Myers v. U.S.: What is “knowing” possession of a firearm?
You buy a brand new axe. The axe is composed of two parts, a handle and a blade. You replace the handle after a couple of years and then the blade a year or two after that. The question we all looked at in our high school/college philosophy class: Is this the same axe?
This is the type of question the D.C. Court of Appeals could have faced in Michael Myers v. United States, 56 A.3d 1148 (D.C. 2012).
Michael Myers was arrested in 2009 while carrying a garbage bag that contained the disassembled parts of a shotgun: a stock and receiver, a barrel, and a barrel nut. If you put these parts together, they constitute an operable firearm. Myers was a convicted felon. Was he guilty of being a felon in possession of a firearm?
The law is already well-established on the first question that jumps to mind: Does the rifle need to be assembled in order to qualify for treatment under D.C. Code § 22-4503(a)(2)? The answer to that is “no.” In fact, once assembled, the firearm does not even have to be operable. The only requirement is that all the parts must be within the person’s control such that the firearm could be assembled if necessary. In other words, a firearm is only a firearm if it has all its parts. And in order to be convicted of possessing the firearm, the defendant must have knowledge of and control over those parts. All of them.
So Myers was guilty then, right?
Except that Myers presented a very different defense at trial. Having found the gun parts at a construction site, he admitted that he was in possession of “gun parts of some kind.” What he did not know was that these parts could be put together to make a “complete” firearm.
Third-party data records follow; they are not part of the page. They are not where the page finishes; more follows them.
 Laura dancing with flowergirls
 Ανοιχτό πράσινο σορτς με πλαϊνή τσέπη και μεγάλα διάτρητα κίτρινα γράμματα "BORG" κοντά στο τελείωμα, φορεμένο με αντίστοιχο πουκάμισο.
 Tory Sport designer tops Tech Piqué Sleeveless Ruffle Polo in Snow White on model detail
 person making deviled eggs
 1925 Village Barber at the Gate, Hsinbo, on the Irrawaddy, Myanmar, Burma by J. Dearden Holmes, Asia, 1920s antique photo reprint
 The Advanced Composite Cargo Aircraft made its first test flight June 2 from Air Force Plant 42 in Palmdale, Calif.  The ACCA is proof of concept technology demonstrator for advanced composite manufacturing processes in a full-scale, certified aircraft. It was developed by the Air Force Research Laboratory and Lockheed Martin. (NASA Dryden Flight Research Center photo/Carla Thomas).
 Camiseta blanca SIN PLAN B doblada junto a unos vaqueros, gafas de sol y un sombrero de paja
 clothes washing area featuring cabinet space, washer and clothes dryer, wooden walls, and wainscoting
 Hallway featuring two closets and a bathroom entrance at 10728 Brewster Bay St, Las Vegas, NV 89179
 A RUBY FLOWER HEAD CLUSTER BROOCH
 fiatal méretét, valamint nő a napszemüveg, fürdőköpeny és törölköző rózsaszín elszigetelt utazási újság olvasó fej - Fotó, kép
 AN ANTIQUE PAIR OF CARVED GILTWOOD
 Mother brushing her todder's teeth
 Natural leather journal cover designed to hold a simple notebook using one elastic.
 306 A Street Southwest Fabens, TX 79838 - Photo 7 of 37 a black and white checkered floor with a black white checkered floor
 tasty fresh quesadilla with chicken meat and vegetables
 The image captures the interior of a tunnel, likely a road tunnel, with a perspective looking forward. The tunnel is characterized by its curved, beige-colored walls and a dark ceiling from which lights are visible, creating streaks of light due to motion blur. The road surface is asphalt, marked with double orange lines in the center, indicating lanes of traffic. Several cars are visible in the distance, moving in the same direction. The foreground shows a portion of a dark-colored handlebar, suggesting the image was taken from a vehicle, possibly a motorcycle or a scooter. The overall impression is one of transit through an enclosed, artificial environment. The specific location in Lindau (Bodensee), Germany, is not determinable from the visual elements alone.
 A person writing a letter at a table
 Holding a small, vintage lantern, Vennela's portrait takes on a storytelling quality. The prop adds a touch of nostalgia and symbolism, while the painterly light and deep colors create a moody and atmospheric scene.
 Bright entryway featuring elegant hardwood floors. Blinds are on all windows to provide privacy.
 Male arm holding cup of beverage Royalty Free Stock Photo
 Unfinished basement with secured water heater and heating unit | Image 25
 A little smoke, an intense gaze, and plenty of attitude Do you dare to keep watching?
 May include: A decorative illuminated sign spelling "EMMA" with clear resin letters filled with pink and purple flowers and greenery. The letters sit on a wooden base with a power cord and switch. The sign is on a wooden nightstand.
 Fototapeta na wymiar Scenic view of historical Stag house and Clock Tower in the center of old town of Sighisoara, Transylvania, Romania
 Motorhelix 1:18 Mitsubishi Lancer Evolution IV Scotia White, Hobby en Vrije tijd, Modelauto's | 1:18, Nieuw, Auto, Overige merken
The challenge for the government, therefore, was not in proving that he possessed the firearm but in proving that this possession was knowing.
The government agreed that Myers could not be guilty of the offense if he was “unaware that the parts in the bag could make a firearm.” Otherwise, the parties could have gotten caught up in a philosophical argument similar to the hypothetical about the axe.
Instead, with both parties in basic agreement as to what was required under the statute, the issue on appeal was whether or not the judge had adequately conveyed the “knowing” requirement to the jury. The Court of Appeals concluded that she had not. It therefore vacated Myers’ conviction and remanded the case for a new trial.